I apply this method while driving a car on the way to-and-from places where consumers are gathered and then, after parking in the associated mega-parking-lot, in the place itself. For example, I often applied this method in trips to Walmart and to the K-Star casino (near Wichita, Kansas – I never gamble but found the casino to be a good venue for this method).
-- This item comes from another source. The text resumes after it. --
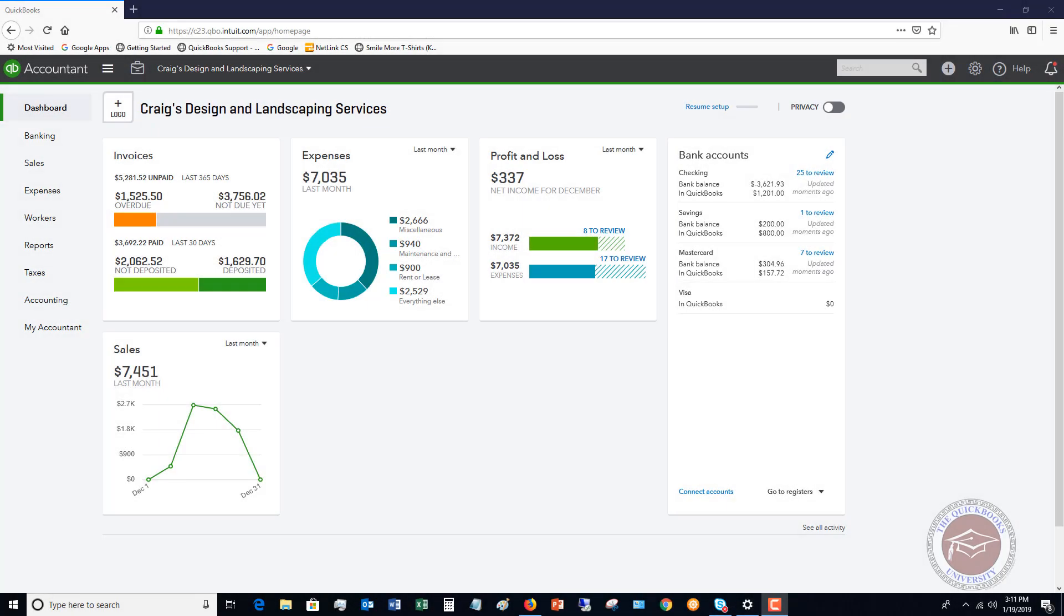Welcome to this QuickBooks Online tutorial for beginners 2019. My name is Matt Hultquist with the QuickBooks University. In this video, I want to go through how to fix errors in receiving customer payments. I see this a lot and get a lot of questions about this. First of all, let me set the stage and show you what I mean by errors in customer payments.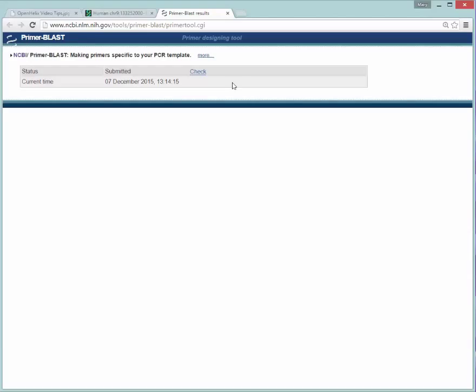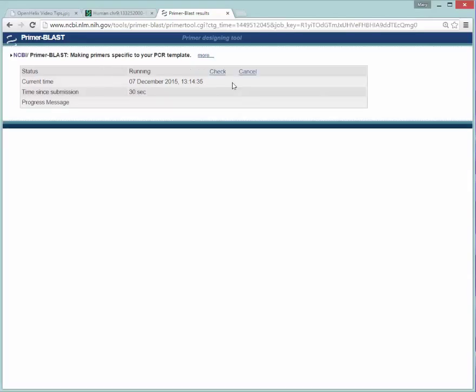And after that, it will run that sequence that we had looking for appropriate primers with the Primer Blast tool. I won't show you this while it's waiting the whole time. I will pause the video and let this run. I'll come back when it's completed the run.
This method is all about what you do with your attention, which is your love. You can move this around inside your body. In this case we are trying to bring awareness of self-as-body into the center of the chest, where the heart resides. The guiding principle is that the way to remain “in Christ” in this reality, the way to “stay on the narrow path” to wherever you are going, is to actively remember “thyself” as a unified trinity in the Peace of Christ, while annonymously loving the other people whom you encounter in random passing.
Without an active effort to remember what “thyself” feels like in the Peace of Christ, one is quickly subsumed within the “collective” of carland – a “place” that is inherently violent. There is indeed a kind of “peace” that comes from “going with the flow” in this reality. The whole point is that this “peace” is not the Peace of Christ.
From the place of being gathered in “thyself,” one actively loves thy randomly passing neighbor. This requires noticing the others and experiencing a sense of their “weight” as a person-occupying-a-body (which is, of course, greatly amplified by the momentum of their vehicle). You are trying to navigate IN “carland” without becoming a part of it. Be aware that you are likely to experience considerable “turbulence” within your “presence” as a person-in-a-body as you actively “equilibrate” with other people in cars (and trucks). Some complications arise from the tendency of Americans to hold themselves as what I call “auto-body-minds,” whose sense of self-as-body occupying perceptual volume is inseparable from their sense of self-as-body-in-a-vehicle-moving-quickly.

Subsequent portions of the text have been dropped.